NLRB Extends DR Horton to Invalidate Optional Arbitration Agreements With Class Waivers
Topics: Arbitration Agreements
Employers will recall that in recent years, an increasingly activist NLRB has undertaken to thwart employers’ ability to adopt and enforce mandatory arbitration policies with their employees. This started with the D.R. Horton case, in which the NLRB held that a mandatory arbitration agreement with a class action waiver violates employees’ Section 7 rights to engage in collective, concerted activity for mutual aid and protection. Although the Fifth Circuit Court of Appeals denied enforcement of the NLRB’s order in D.R. Horton, and courts have overwhelmingly rejected the NLRB’s position in D.R. Horton, the NLRB nonetheless has maintained its position that arbitration agreements with class action waivers are unenforceable.
In August, the NLRB ruled in On Assignment Staffing Services, Inc. that an employment arbitration agreement with a class waiver was void even though employees were given 10 days to opt out of the agreement. The NLRB ruled that notwithstanding the limited opt-out right, the arbitration agreement still “reasonably interfered” with employees’ Section 7 rights because employees only had 10 days to opt out and had to follow a specific procedure in order to do so. The NLRB reasoned that employees should not be required to take affirmative steps in order to protect their Section 7 rights and that the opt-out process burdened those rights.
Last week, the NLRB further extended the reach of its D.R. Horton doctrine, this time holding that even a plainly optional arbitration agreement with a class waiver violates employees’ Section 7 rights. In Bristol Farms, the arbitration agreement stated on its face that it was “optional.” Thus, signing the agreement was optional and did not involve a situation where the agreement would automatically become binding unless the employee followed a specified opt-out procedure. Regardless, the NLRB ruled that the class waiver was void because it still resulted in employees prospectively waiving the ability to engage in collective concerted activity.
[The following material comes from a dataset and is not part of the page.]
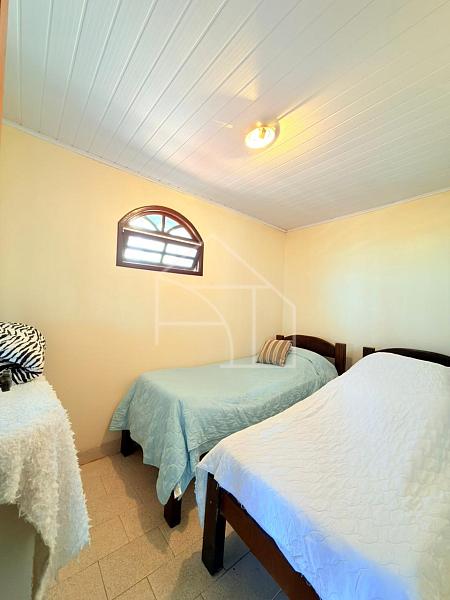 CASA 5 QUARTOS JARDIM ATLÂNTICO/ JACARAIPE – PORTEIRA FECHADA! — foto 28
According to the NLRB, this prospective waiver of Section 7 rights is void regardless of whether or not employees have the option of agreeing or not agreeing to the waiver.
The Bristol Farms decision was a split decision (2-1) with Member Miscimarra strongly dissenting.
Employers with arbitration agreements containing class waivers will continue to face possible dual litigation over the enforceability of the waiver, likely with conflicting results depending on whether a court or the NLRB is assessing enforceability.